Namun di tengah senyumannya yang “manis”, pembenci hari minggu yang kompulsif-impulsif ini, terdapat misteri kepedihan berpilu mesra dengan nestapa, yang hanya dia yang tau dan alami. Penuh amarah terpendam dan kekecewaan ketika semua ekspektasi kepada apapun juga yang dia anggap luhur dan mulia menjadi usang dan karam. Dia akan terdiam penuh dendam durjana namun terlalu pasif untuk tidak menyimpulkan kekesalannya, apabila ketidak-adilan menyerang kenyamannya. Menyebabkan kesengsaraan tanpa resolusi yang selalu dia harapkan namun tak berhujung. Dia menerima kekalahan itu tanpa agresi. Malah seringkali dia meminta maaf tanpa manfaat bagi dia maupun yang bersangkutan, karena memang tidak ada kesalahan yang terjadi dari dia.

Tapi semua itu bisa terobati dengan kesabarannya dalam menghadapi kegilaan dan konflik di teman-temannya dengan banyolan absurd yang mana tidak selalu relevan untuk situasi tersebut, namun cukup menghibur dan menyejukkan suasana dengan kejanggalan “moronic”, yang dia sebabkan. Kuat berpendirian, namun rendah hati dan setia kawan, dia akan melaksanakan tugas yang di embankan kepadanya sebaik mungkin. Dia bisa di bilang cukup bisa diandalkan oleh siapapun saja yang mempercayakan itu kepadanya. Mungkin ketidakinginnannya untuk mengecewakan, berakar dari ketidakinginannya untuk dikecewakan. Menjadi beban stigma yang di obligasikan ke dirinya.

Kadang kesopanannya berubah menjadi kekasaraan dalam tutur kata yang tidak menimbulkan amarah dari pendengar, malah tawa dan candaan yang berlanjut dari kekonyolan yg dia sebabkan.

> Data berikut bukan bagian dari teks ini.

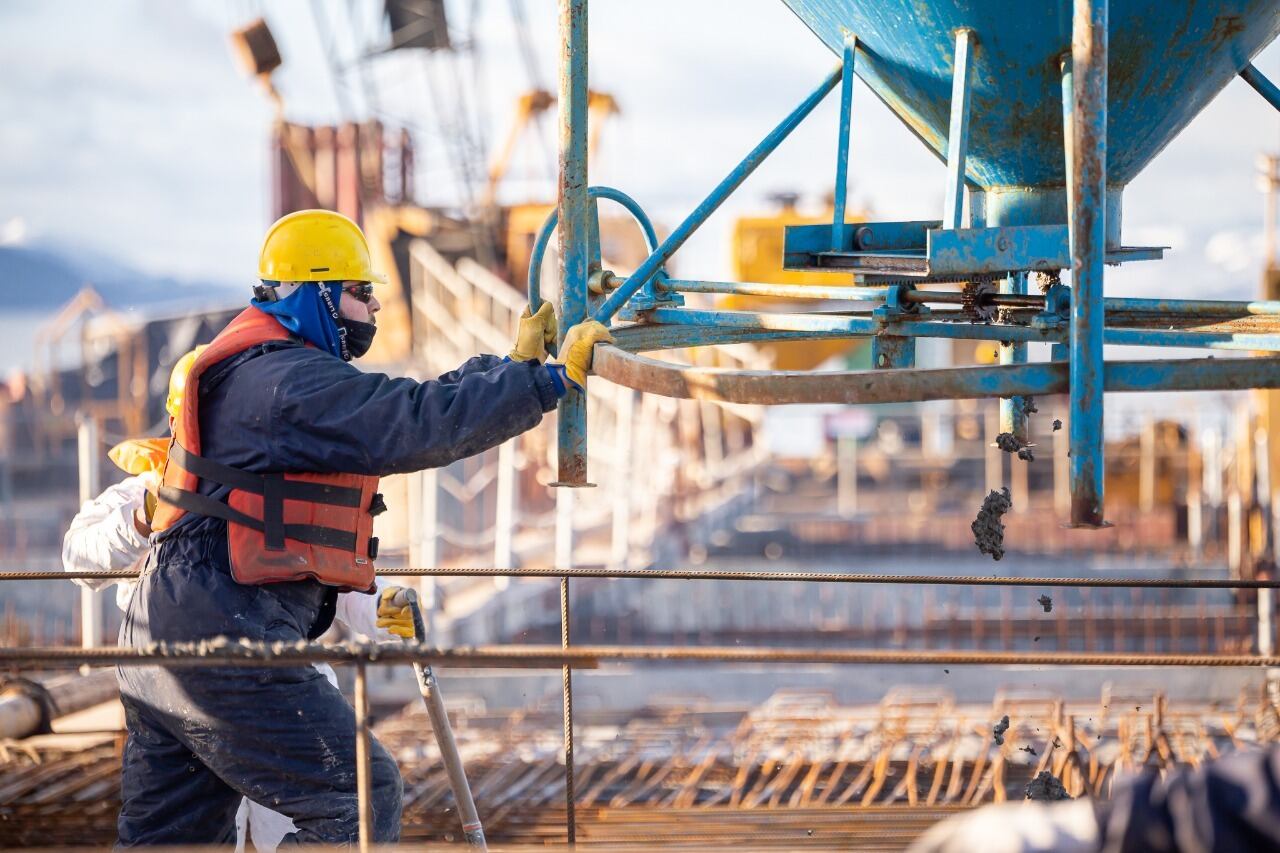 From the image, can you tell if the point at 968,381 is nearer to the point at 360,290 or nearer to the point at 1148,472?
the point at 360,290

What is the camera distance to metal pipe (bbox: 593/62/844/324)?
4355 mm

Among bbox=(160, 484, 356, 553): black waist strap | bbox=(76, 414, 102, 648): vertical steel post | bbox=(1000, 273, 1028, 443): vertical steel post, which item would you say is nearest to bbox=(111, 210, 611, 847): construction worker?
bbox=(160, 484, 356, 553): black waist strap

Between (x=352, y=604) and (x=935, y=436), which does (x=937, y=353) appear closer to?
(x=935, y=436)

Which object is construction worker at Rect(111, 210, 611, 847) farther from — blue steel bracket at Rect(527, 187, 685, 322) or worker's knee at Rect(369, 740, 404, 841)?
blue steel bracket at Rect(527, 187, 685, 322)

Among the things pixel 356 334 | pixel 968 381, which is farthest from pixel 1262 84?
pixel 356 334

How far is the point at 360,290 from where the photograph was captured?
430 centimetres

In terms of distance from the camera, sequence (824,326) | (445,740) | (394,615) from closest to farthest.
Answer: (445,740) < (394,615) < (824,326)

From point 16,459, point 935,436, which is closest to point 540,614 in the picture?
point 16,459

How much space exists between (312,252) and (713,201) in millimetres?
1268

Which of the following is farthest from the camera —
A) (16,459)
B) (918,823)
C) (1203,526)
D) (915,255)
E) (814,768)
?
(16,459)

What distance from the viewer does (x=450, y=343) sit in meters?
25.6

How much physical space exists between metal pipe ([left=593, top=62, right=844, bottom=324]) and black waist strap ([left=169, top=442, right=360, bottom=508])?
37.8 inches

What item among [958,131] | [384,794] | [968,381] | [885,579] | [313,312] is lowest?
[384,794]

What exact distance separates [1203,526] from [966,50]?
58.2 ft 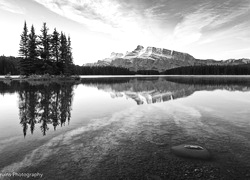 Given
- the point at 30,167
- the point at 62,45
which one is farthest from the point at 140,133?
the point at 62,45

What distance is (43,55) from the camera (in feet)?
205

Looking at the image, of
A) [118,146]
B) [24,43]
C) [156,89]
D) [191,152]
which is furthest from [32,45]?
[191,152]

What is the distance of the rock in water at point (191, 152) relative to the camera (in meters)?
7.46

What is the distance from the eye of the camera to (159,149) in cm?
831

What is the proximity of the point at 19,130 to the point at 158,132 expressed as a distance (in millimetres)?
9401

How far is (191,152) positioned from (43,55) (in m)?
67.2

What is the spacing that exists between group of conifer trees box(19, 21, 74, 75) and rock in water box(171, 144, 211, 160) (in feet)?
204

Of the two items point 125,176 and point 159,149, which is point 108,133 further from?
point 125,176

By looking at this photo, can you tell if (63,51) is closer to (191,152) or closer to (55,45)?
(55,45)

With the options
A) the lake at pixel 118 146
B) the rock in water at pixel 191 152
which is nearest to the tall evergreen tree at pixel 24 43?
the lake at pixel 118 146

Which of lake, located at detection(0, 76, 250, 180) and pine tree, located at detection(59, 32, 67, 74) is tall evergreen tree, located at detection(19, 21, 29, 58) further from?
lake, located at detection(0, 76, 250, 180)

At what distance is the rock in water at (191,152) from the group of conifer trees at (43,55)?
6231 cm

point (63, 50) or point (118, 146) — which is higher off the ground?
point (63, 50)

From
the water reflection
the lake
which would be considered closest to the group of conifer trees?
the water reflection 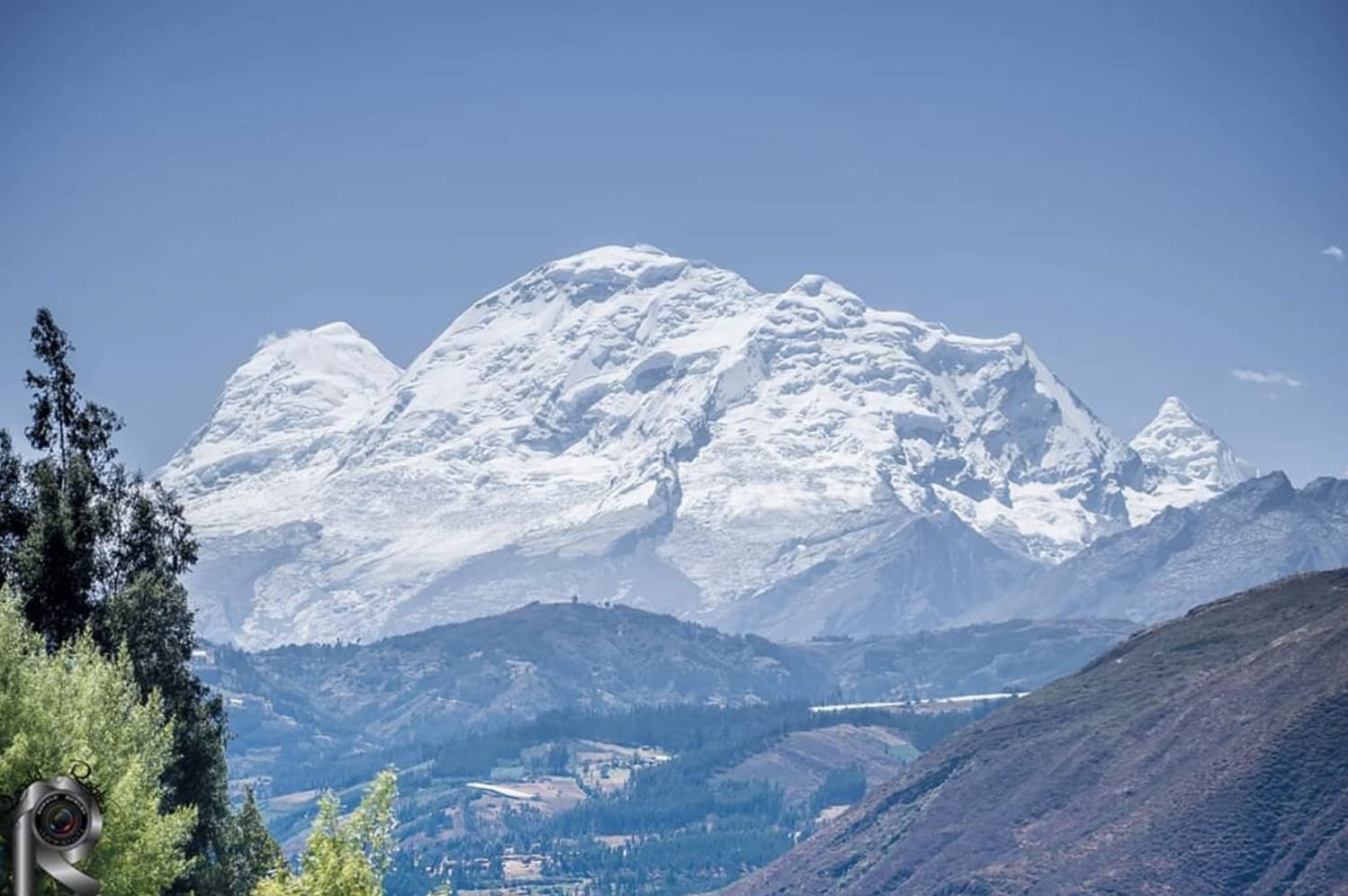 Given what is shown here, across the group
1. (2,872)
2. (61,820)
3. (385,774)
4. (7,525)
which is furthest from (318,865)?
(7,525)

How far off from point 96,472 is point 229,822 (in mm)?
23801

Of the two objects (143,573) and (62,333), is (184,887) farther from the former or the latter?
(62,333)

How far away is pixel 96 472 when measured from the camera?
112625 mm

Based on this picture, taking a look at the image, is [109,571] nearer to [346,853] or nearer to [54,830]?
[346,853]

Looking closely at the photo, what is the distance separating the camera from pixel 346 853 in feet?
198

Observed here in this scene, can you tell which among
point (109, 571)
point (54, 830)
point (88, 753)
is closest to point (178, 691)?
point (109, 571)

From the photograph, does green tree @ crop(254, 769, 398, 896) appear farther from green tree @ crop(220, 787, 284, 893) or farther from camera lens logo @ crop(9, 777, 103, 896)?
green tree @ crop(220, 787, 284, 893)

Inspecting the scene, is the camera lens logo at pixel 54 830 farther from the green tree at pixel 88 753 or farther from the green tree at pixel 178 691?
the green tree at pixel 178 691

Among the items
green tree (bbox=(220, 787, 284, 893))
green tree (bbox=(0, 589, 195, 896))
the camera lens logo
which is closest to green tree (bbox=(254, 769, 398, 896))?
green tree (bbox=(0, 589, 195, 896))

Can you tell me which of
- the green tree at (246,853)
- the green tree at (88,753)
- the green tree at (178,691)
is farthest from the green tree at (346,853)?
the green tree at (246,853)

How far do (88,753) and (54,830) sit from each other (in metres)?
27.1

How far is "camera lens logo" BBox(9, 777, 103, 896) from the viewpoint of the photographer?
30.3m

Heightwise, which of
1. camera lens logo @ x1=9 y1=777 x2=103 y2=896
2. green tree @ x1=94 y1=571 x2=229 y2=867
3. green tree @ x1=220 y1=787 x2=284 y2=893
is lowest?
green tree @ x1=220 y1=787 x2=284 y2=893

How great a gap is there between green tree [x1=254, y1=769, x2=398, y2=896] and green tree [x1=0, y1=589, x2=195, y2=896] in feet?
14.0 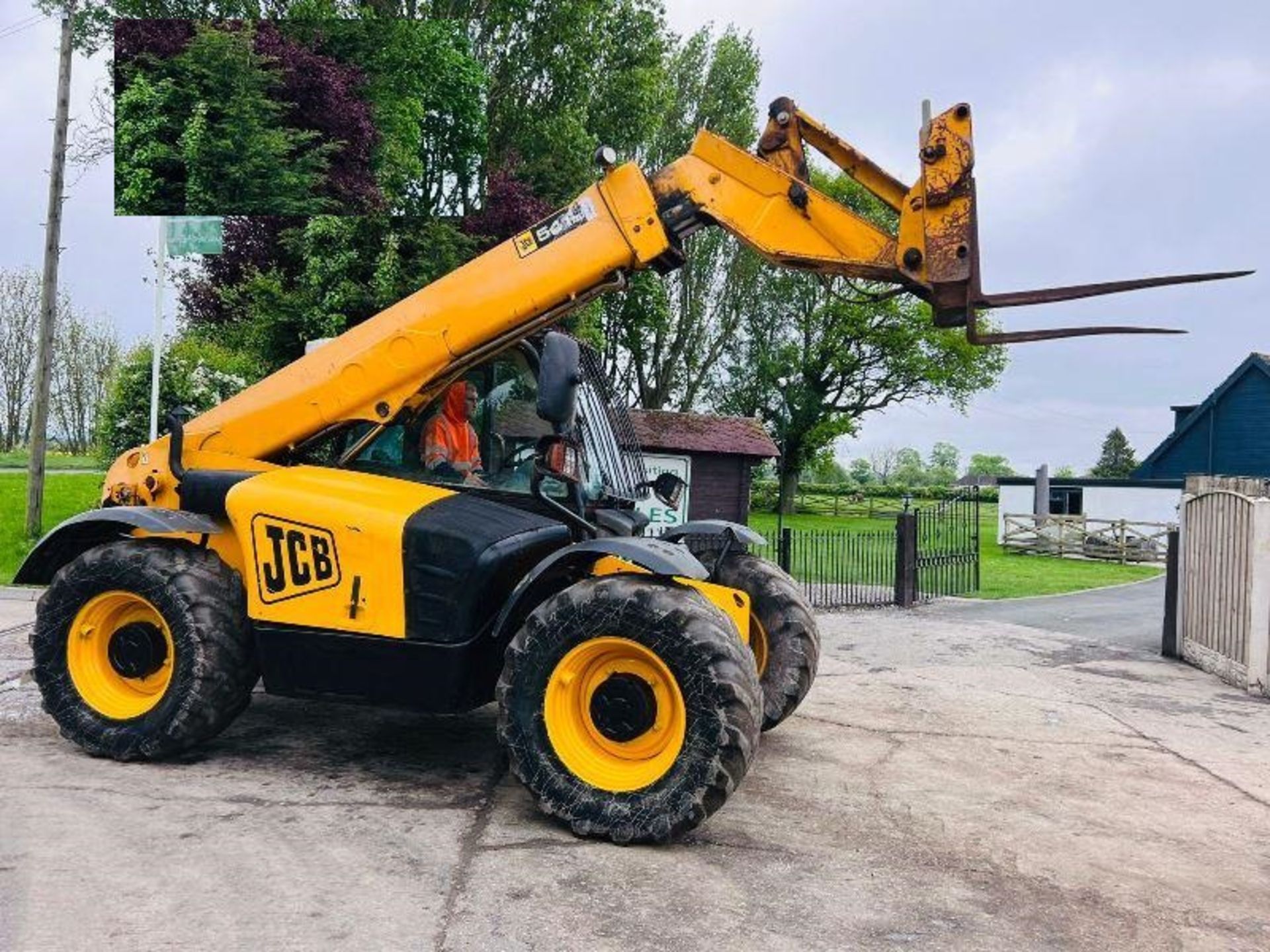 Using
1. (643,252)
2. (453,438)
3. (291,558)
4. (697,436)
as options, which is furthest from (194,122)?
(291,558)

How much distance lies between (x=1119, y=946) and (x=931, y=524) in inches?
512

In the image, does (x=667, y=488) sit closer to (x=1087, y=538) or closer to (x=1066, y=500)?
(x=1087, y=538)

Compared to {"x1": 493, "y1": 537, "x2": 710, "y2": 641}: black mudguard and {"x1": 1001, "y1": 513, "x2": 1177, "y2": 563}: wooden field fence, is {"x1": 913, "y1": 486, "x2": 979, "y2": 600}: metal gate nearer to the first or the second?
{"x1": 493, "y1": 537, "x2": 710, "y2": 641}: black mudguard

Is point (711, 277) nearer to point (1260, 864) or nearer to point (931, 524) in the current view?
point (931, 524)

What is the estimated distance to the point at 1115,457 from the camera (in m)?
70.9

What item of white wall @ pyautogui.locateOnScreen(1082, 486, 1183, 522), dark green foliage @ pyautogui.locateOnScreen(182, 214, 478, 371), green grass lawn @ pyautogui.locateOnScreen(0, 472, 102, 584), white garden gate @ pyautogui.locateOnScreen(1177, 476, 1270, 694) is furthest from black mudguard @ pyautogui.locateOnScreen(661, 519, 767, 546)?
white wall @ pyautogui.locateOnScreen(1082, 486, 1183, 522)

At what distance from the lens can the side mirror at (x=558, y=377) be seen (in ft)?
16.7

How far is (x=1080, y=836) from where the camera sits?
16.8 ft

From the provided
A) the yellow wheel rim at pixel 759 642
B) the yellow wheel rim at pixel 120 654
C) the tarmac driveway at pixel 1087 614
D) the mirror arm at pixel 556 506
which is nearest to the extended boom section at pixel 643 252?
the mirror arm at pixel 556 506

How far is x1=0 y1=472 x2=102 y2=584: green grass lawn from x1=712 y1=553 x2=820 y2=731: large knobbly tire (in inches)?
404

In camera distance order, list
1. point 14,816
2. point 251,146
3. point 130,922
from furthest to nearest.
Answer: point 251,146
point 14,816
point 130,922

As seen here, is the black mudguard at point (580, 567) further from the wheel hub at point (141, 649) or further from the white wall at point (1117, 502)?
the white wall at point (1117, 502)

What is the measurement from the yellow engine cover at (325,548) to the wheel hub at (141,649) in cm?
58

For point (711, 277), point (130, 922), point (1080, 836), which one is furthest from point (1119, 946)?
point (711, 277)
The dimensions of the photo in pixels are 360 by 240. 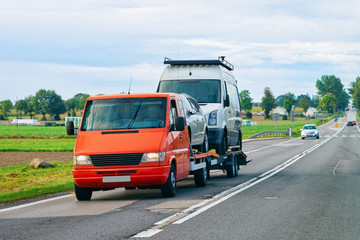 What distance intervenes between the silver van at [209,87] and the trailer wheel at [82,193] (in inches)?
197

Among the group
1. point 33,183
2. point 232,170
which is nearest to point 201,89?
point 232,170

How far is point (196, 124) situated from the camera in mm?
14070

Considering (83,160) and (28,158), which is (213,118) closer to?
(83,160)

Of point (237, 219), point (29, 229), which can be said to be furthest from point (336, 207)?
point (29, 229)

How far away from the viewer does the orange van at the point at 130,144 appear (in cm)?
1096

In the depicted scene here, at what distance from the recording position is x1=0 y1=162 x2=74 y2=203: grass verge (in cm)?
1326

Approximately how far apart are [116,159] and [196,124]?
3.54m

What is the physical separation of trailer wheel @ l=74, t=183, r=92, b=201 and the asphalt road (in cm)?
18

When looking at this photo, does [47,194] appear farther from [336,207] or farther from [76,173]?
[336,207]

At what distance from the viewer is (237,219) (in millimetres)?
8617

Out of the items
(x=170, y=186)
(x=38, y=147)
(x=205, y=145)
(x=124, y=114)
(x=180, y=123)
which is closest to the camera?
(x=170, y=186)

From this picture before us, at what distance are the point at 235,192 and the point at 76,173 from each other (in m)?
3.64

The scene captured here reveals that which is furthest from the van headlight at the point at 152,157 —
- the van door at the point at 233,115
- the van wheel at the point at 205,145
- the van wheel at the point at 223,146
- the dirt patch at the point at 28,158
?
the dirt patch at the point at 28,158

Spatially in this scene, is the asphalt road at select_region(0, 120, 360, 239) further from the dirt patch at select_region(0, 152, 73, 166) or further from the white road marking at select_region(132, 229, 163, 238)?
the dirt patch at select_region(0, 152, 73, 166) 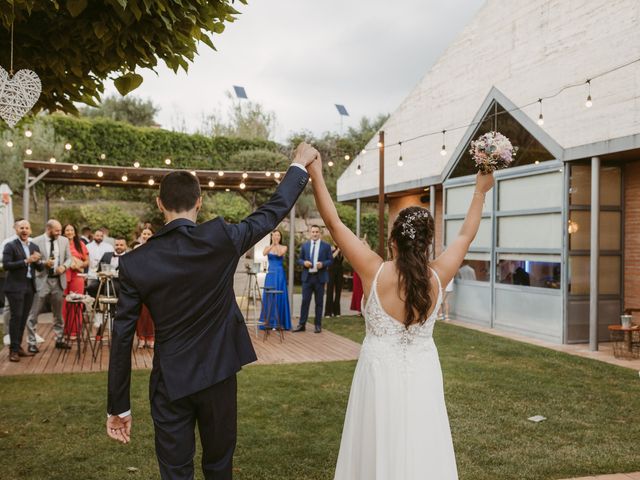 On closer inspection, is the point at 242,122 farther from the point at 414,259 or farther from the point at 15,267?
the point at 414,259

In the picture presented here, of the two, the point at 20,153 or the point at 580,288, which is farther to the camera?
the point at 20,153

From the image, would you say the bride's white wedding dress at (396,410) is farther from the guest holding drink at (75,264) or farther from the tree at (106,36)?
the guest holding drink at (75,264)

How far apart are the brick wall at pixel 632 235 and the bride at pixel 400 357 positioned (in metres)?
8.42

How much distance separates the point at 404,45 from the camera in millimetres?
42969

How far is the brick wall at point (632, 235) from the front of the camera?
33.2 ft

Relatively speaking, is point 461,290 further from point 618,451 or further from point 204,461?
point 204,461

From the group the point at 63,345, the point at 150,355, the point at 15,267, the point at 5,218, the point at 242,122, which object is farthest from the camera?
the point at 242,122

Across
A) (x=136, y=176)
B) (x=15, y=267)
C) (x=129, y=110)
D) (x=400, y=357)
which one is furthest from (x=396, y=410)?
(x=129, y=110)

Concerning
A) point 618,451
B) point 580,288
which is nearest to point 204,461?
point 618,451

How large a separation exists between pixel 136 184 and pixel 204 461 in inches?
446

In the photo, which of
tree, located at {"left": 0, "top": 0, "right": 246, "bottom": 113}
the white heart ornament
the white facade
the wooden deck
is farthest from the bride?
the white facade

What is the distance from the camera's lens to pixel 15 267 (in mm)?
7770

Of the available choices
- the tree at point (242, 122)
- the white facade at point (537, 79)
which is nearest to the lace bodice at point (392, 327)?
the white facade at point (537, 79)

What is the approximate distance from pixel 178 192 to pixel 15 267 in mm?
6226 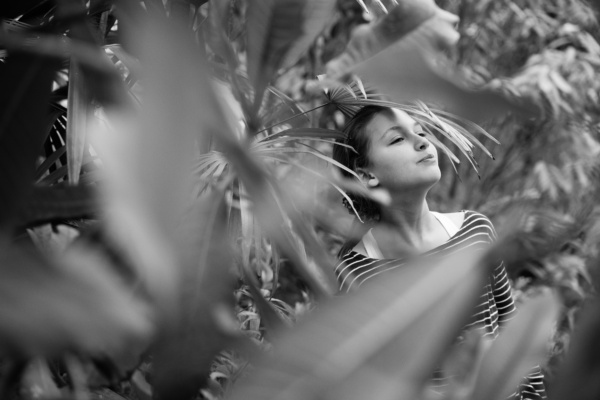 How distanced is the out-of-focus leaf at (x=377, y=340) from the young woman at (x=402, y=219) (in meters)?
0.54

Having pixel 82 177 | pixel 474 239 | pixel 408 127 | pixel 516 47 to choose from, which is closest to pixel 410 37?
pixel 82 177

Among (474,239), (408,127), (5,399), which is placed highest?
(5,399)

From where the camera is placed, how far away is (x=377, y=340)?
0.14 meters

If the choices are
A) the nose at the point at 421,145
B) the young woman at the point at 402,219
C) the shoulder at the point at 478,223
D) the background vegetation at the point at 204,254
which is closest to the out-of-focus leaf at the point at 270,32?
the background vegetation at the point at 204,254

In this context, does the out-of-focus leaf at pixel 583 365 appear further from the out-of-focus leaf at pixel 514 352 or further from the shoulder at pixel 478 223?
the shoulder at pixel 478 223

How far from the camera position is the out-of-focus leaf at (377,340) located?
0.43ft

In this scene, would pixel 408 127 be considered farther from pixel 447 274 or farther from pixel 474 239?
pixel 447 274

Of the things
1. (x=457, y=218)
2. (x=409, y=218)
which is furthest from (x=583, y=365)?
(x=457, y=218)

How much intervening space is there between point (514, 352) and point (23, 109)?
0.13 m

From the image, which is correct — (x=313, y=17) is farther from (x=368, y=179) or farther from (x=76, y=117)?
(x=368, y=179)

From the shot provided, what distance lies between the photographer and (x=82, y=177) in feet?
1.74

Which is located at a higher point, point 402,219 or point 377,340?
point 377,340

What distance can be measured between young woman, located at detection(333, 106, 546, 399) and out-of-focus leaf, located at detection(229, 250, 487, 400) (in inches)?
21.2

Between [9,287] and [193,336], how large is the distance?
0.12 ft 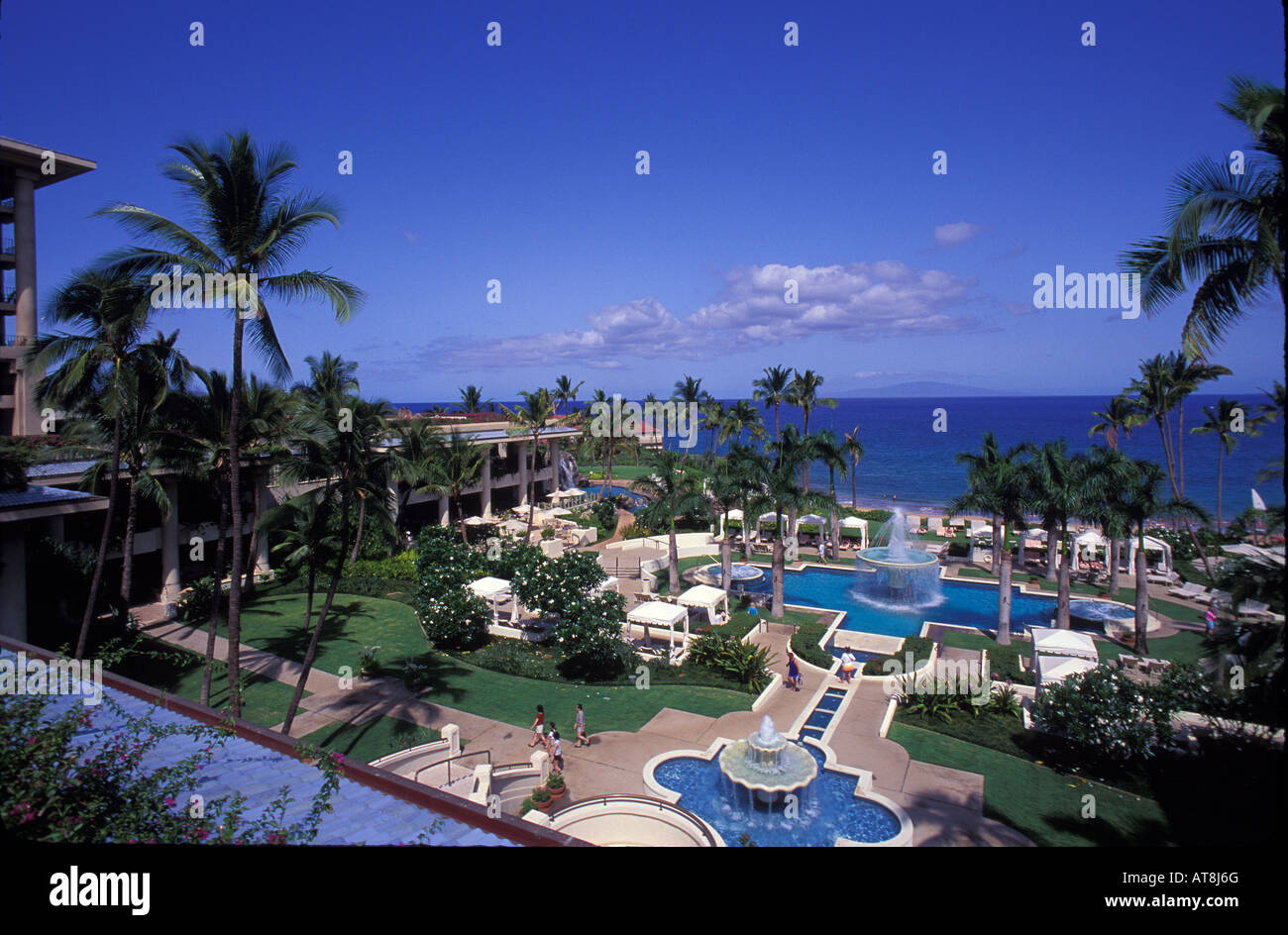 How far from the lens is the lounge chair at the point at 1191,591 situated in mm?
27516

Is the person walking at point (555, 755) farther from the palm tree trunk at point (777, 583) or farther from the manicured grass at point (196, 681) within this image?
the palm tree trunk at point (777, 583)

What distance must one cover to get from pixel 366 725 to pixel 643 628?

Seorang penghela nafas sejati.

Giovanni Rahmadeva:
“Angin berhujan yang bertiup dari barat laut menuju barat daya”
Pabila suatu komukasi lisan secara tak langsung terjadi dengan Deva via media chat online misalnya, yang bersangkutan harus bisa setidaknya pernah mengambil kuliah jurusan bahasa asing di planet Saturnus. Dan apabila percakapan terjadi lebih dalam dan lama dengan dia, yang bersangkutan harus mengambil kelas ekstension di planet Uranus, akomodasi dan transportasi ditanggung sendiri.

Memang butuh keahlian khusus untuk mengerti maksud baik seorang Deva dalam setiap perkataannya yang memang astral dan cenderung metafisika secara keseluruhan. Seringkali banyak yang salah faham dan tersinggung oleh kebanyakan kata-katanya yang cenderung “Hyperrealistic”. Di mana karena teramat riilnya pandangan dia terhadap apapun, ia menjadi “surrealistic”.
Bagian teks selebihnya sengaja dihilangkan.